- [TASK DESCRIPTION]
From the data below, repeat exactly the lines from the line with "Kindle Oasis E-Book Reader" to the line with "Skoda Karoq 2,0", both included.

- [GIVEN RECORDS]
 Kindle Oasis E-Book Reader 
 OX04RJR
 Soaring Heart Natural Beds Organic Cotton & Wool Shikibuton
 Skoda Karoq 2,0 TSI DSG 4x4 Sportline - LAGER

---

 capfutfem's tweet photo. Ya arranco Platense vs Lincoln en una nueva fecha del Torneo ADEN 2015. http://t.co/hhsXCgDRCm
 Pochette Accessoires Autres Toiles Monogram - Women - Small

* * *

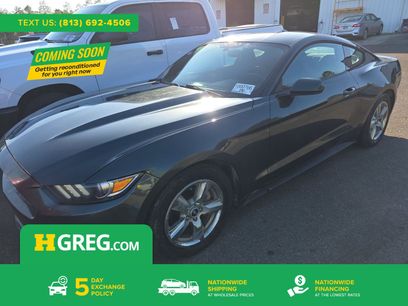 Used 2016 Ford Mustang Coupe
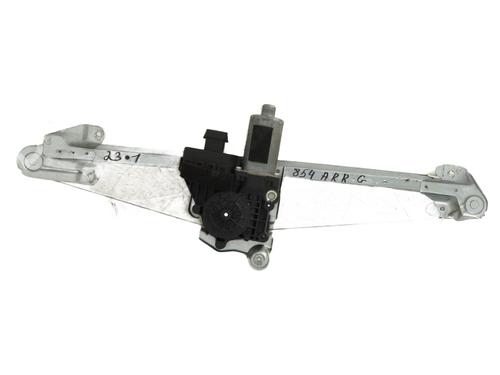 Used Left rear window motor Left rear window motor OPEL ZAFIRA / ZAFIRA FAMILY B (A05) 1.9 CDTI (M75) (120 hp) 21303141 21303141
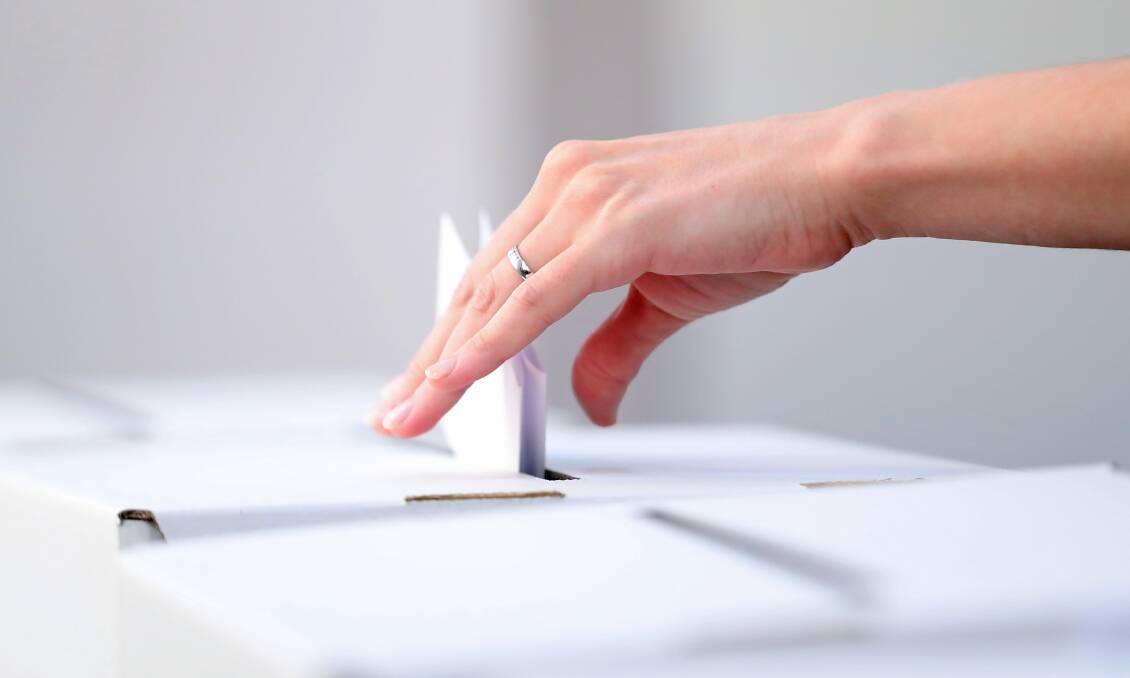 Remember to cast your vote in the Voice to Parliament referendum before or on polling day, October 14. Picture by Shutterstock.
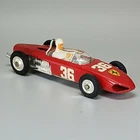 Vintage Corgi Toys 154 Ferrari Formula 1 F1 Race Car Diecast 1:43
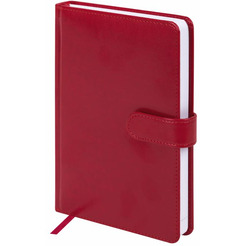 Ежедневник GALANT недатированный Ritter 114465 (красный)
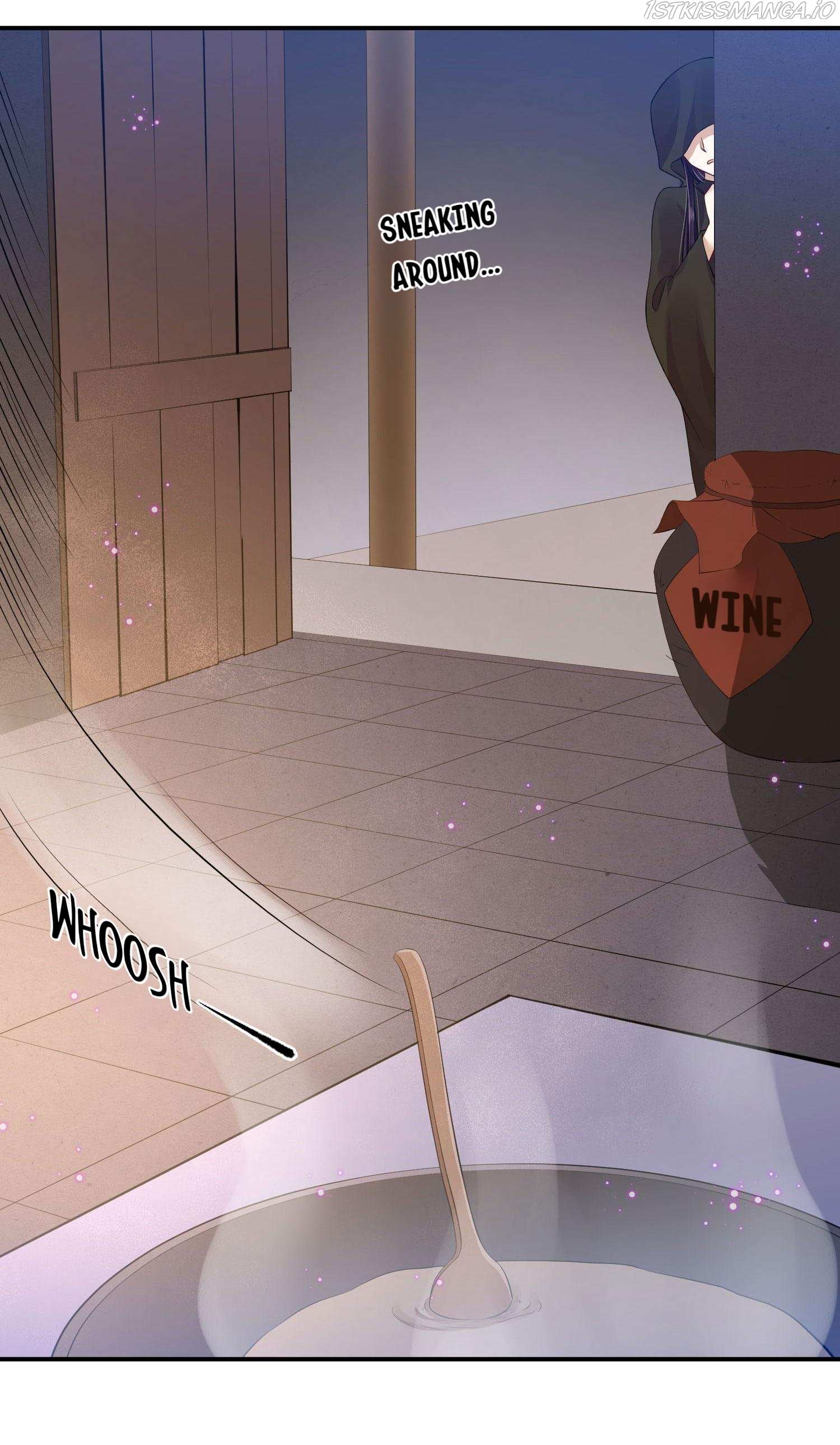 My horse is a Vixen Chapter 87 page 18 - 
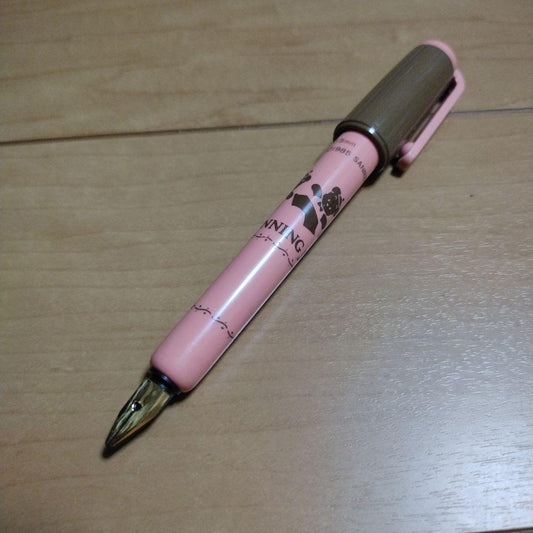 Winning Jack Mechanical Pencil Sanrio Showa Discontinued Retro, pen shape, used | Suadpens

- [WRITTEN REPLY]
 Kindle Oasis E-Book Reader 
 OX04RJR
 Soaring Heart Natural Beds Organic Cotton & Wool Shikibuton
 Skoda Karoq 2,0 TSI DSG 4x4 Sportline - LAGER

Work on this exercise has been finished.